**RECORDED INFORMATION**
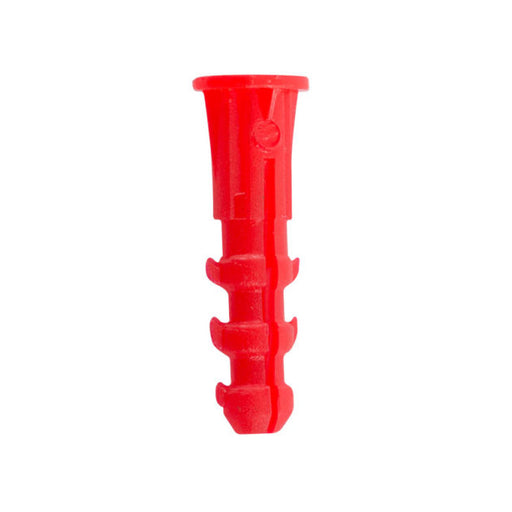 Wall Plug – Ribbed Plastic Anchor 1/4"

...

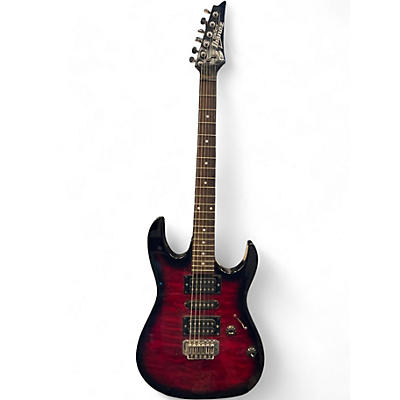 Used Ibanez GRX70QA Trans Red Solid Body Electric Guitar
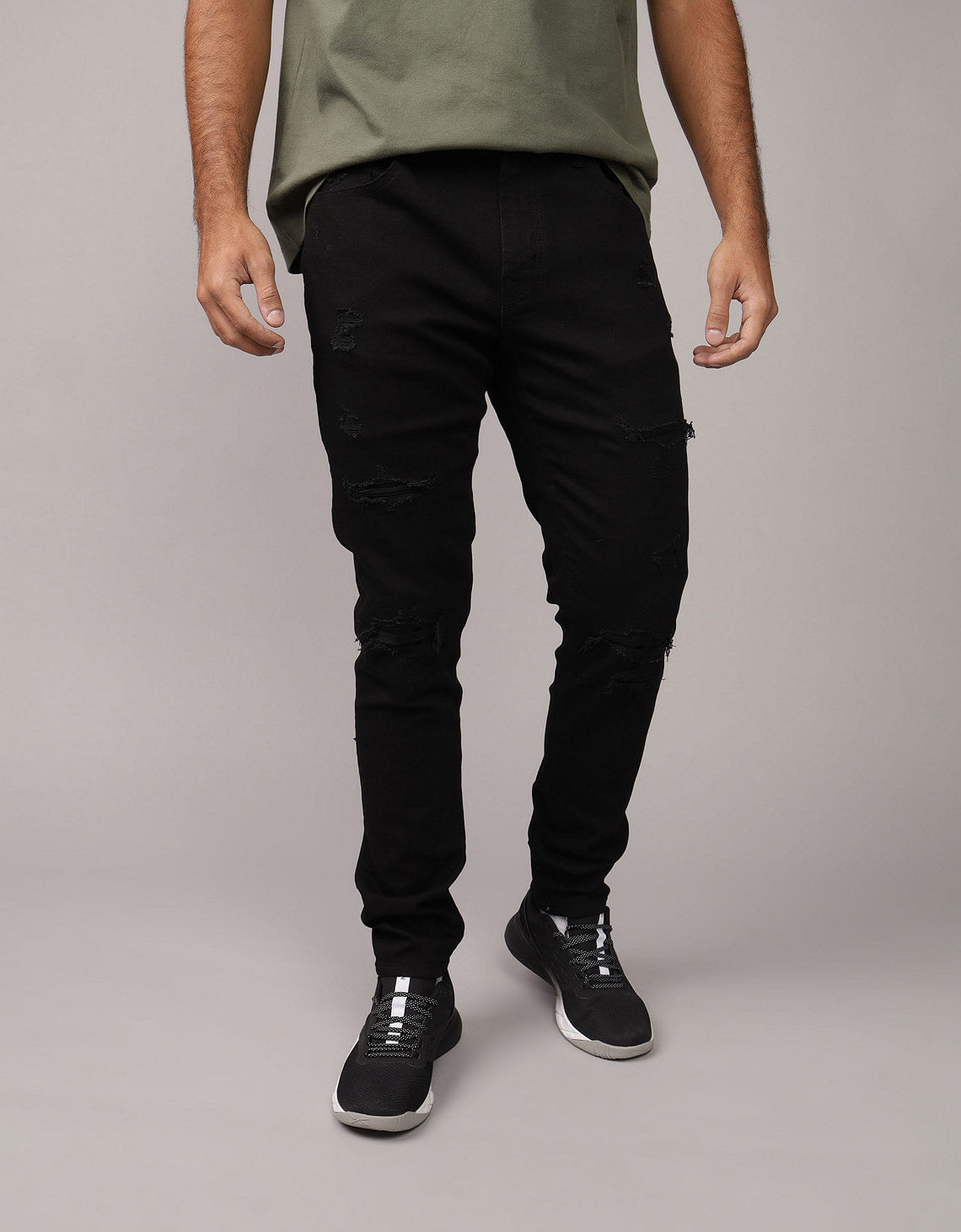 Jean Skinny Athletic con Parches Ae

**PROBLEM DETAILS**
Taking the entries above, copy word for word the lines from the one with "Used Ibanez GRX70QA" up to and including the one with "Jean Skinny Athletic con Parches Ae", without any picture.

**OUTPUT OF THE EXERCISE**
 Used Ibanez GRX70QA Trans Red Solid Body Electric Guitar
 Jean Skinny Athletic con Parches Ae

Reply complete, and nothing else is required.